Leaving the pictures aside, transcribe every line below exactly.

### [Provided material]
══════════

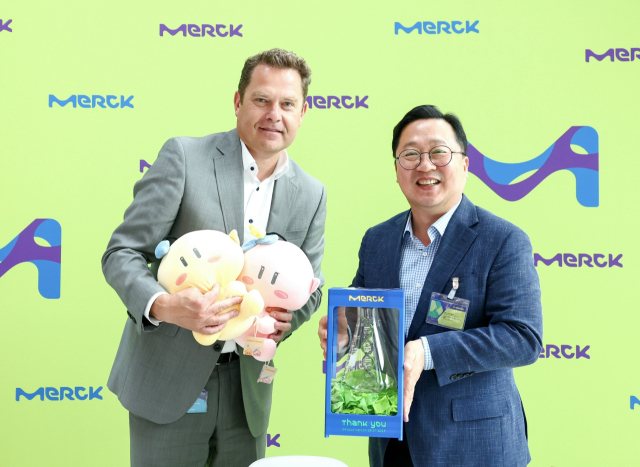 이장우 대전시장(오른쪽)이 지난 28일(현지시간) 독일 다름슈타트에 위치한 머크(Merck) 본사를 방문하고, 쟝–샤를 위르트 신임 라이프 사이언스 CEO와 만나 상호 협력 방안을 논의했다. 대전시 제공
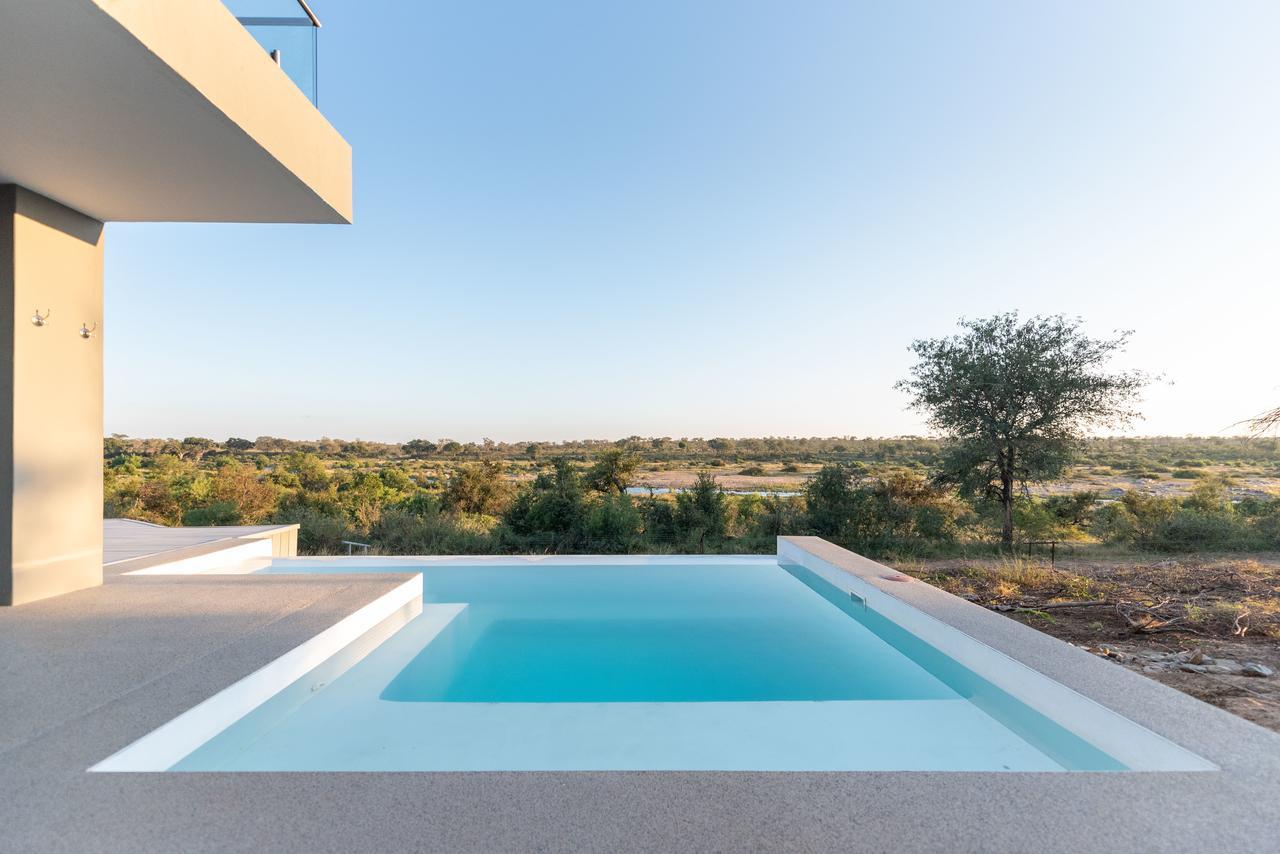Tamboti River Lodge Hectorspruit Exteriör bild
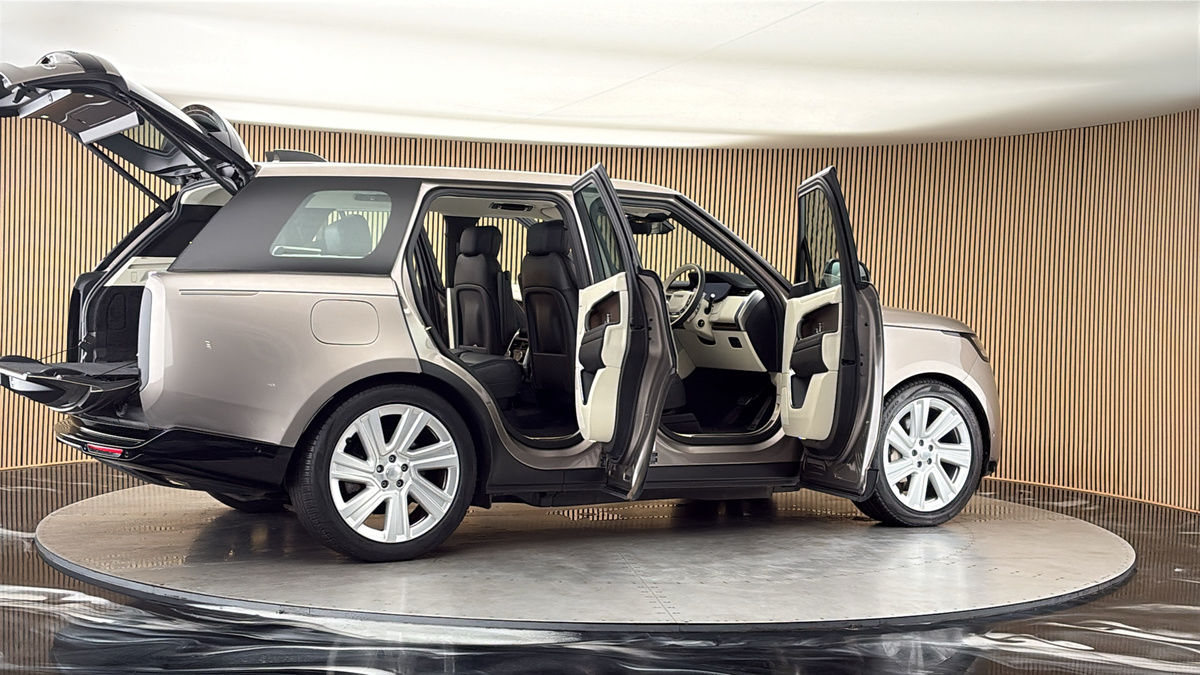 More views of Land Rover Range Rover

══════════

### [Written response]
 이장우 대전시장(오른쪽)이 지난 28일(현지시간) 독일 다름슈타트에 위치한 머크(Merck) 본사를 방문하고, 쟝–샤를 위르트 신임 라이프 사이언스 CEO와 만나 상호 협력 방안을 논의했다. 대전시 제공
Tamboti River Lodge Hectorspruit Exteriör bild
 More views of Land Rover Range Rover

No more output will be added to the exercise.